After the data is loaded, you then need to process and transform your data before putting it into a storage system. These transformations include chunking, extracting metadata, and embedding each chunk.

In [10]:
from llama_index.core import Settings
from llama_index.core import VectorStoreIndex
from llama_index.core.node_parser import SentenceSplitter

# Create a text splitter that splits the text into chunks of 512 characters with an overlap of 10 characters.
# SentenceSplitter tries to keep sentences and paragraphs together.
text_splitter = SentenceSplitter(chunk_size=512, chunk_overlap=10)

# Set the text splitter in the settings, globally.
Settings.text_splitter = text_splitter
# Alternative approach to setting the text splitter globally:
# Settings.chunk_size = 512
# Settings.chunk_overlap = 50

# A VectorStoreIndex is by far the most frequent type of Index.
# The Vector Store Index takes your Documents and splits them up into Nodes.
# It then creates vector embeddings of the text of every node, ready to be queried.
index = VectorStoreIndex.from_documents(
    documents, transformations=[text_splitter]
)

In [12]:
# Let's do some introspection on the index!
vector_store_dict = index.vector_store.to_dict()

In [15]:
# As you can see vector store is a storage where you can find the vectors of the documents and original documents.
vector_store_dict.keys()

dict_keys(['embedding_dict', 'text_id_to_ref_doc_id', 'metadata_dict'])

In [16]:
# The mapping from text_id to ref_doc_id is also stored in the vector store.
# I use the very first text_id below as an example.
# this is an example of a dictionary with a sub dictionary!!!
vector_store_dict["text_id_to_ref_doc_id"]

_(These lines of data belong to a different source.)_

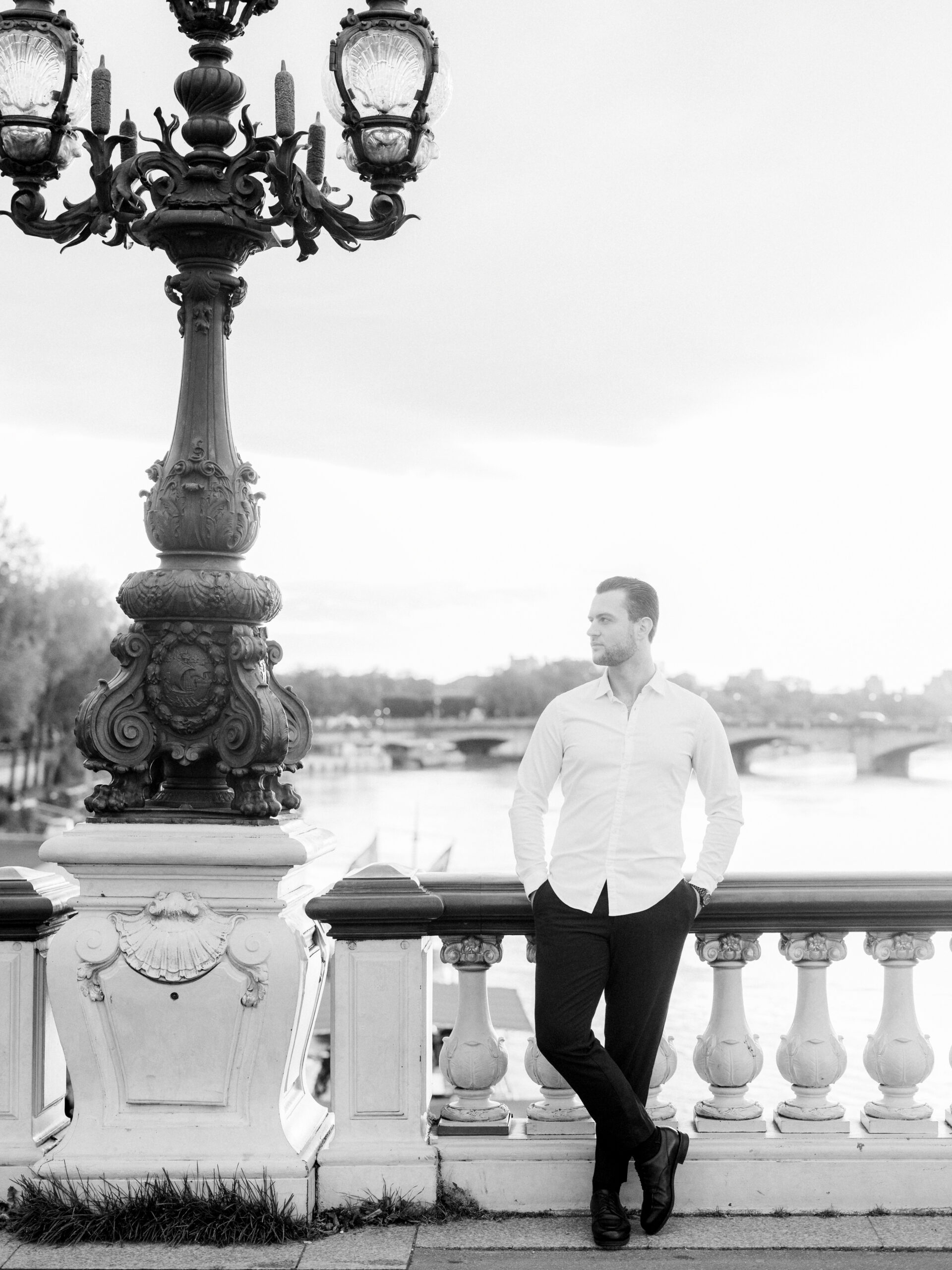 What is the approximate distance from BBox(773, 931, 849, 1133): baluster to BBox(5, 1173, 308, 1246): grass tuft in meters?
1.58

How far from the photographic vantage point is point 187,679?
459cm

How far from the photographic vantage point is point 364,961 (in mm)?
4559

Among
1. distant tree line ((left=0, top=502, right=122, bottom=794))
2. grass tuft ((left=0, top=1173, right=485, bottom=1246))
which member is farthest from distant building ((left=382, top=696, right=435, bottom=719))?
grass tuft ((left=0, top=1173, right=485, bottom=1246))

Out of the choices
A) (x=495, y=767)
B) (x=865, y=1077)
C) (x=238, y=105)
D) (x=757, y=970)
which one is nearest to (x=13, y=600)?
(x=757, y=970)

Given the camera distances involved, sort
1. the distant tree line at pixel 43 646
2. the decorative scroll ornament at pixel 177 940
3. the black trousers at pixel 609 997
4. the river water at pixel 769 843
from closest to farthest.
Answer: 1. the black trousers at pixel 609 997
2. the decorative scroll ornament at pixel 177 940
3. the river water at pixel 769 843
4. the distant tree line at pixel 43 646

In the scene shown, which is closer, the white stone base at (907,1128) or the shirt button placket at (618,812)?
the shirt button placket at (618,812)

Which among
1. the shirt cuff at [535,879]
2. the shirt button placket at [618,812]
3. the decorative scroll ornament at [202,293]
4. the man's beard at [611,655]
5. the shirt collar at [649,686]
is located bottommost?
the shirt cuff at [535,879]

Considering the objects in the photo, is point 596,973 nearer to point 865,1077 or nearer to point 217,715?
point 217,715

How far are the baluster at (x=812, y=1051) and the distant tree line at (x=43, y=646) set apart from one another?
3828 cm

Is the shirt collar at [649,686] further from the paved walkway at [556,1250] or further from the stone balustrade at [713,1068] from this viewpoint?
the paved walkway at [556,1250]

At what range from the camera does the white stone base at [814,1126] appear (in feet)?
15.0

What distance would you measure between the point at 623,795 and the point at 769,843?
4614cm

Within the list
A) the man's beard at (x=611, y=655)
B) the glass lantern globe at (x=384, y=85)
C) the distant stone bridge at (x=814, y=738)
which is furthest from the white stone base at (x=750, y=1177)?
the distant stone bridge at (x=814, y=738)

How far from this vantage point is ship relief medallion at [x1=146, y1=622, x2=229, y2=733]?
15.0 feet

{'fa2af1ae-8dde-446b-9a07-beccff4967d4': '5c900e1d-62bf-4f4a-b4e1-f8497f84805e',
 '2a97e8a6-daf5-4e2e-b3b5-3751d9da187b': '5c900e1d-62bf-4f4a-b4e1-f8497f84805e',
 '7ff4554c-a8c5-45c6-aa06-fb70257266ff': '5c900e1d-62bf-4f4a-b4e1-f8497f84805e',
 'e34882b5-fb32-4bb5-87e8-46f0bb2bb778': '5c900e1d-62bf-4f4a-b4e1-f8497f84805e',
 'bcc7c419-39e7-4b78-9f95-05c6e5e1ee05': '5c900e1d-62bf-4f4a-b4e1-f8497f84805e',
 '87582b65-9560-499b-b05a-c9a678f510f0': '5c900e1d-62bf-4f4a-b4e1-f8497f84805e',
 '86756d86-4691-4273-a78a-7d6dd2977317': '5c900e1d-62bf-4f4a-b4e1-f8497f84805e',
 'b22144a7-9c1d-49c5-8e07-98a2e8091603': '5c900e1d-62bf-4f4a-b4e1-f8497f84805e',
 'b7b39fa5-bbf9-45a6-92bf-8c220ea72d0f': '5c900e1d-62bf-4f4a-b4e1-f8497f84805e',
 '86010ce1-e432-4042-a458-b834241c501d': '5c900e1d-62bf-4f4a-b4e1-f8497f84805e',
 '6bbb6cb1-0b9b-4ae5-9027-161e2f7db186': '5c900e1d-62bf-4f4a-b4e1-f8497f84805e',
 '58c80688-c679-4492-8df4-283f94ccf56c': '5c900e1d-62bf-4f4a-b4e1-f8497f84805e',
 'db124ab8-5873-4c6b-afae-9c

In [None]:
vector_store_dict["embedding_dict"]

In [None]:
# The embedding of the very first text_id is stored in the vector store!
vector_store_dict["embedding_dict"]["fa2af1ae-8dde-446b-9a07-beccff4967d4"]


In [23]:
# Metadata is also stored in the vector store.
vector_store_dict["metadata_dict"]["fa2af1ae-8dde-446b-9a07-beccff4967d4"]


{'file_path': '/content/data/pg11.txt',
 'file_name': '/content/data/pg11.txt',
 'file_type': 'text/plain',
 'file_size': 174385,
 'creation_date': '2024-03-06',
 'last_modified_date': '2024-03-01',
 '_node_type': 'TextNode',
 'document_id': '5c900e1d-62bf-4f4a-b4e1-f8497f84805e',
 'doc_id': '5c900e1d-62bf-4f4a-b4e1-f8497f84805e',
 'ref_doc_id': '5c900e1d-62bf-4f4a-b4e1-f8497f84805e'}

In [24]:
# Metadata is also stored in the vector store.
vector_store_dict["metadata_dict"]["940bf7d9-1810-4cfd-93f3-f79b253dce63"]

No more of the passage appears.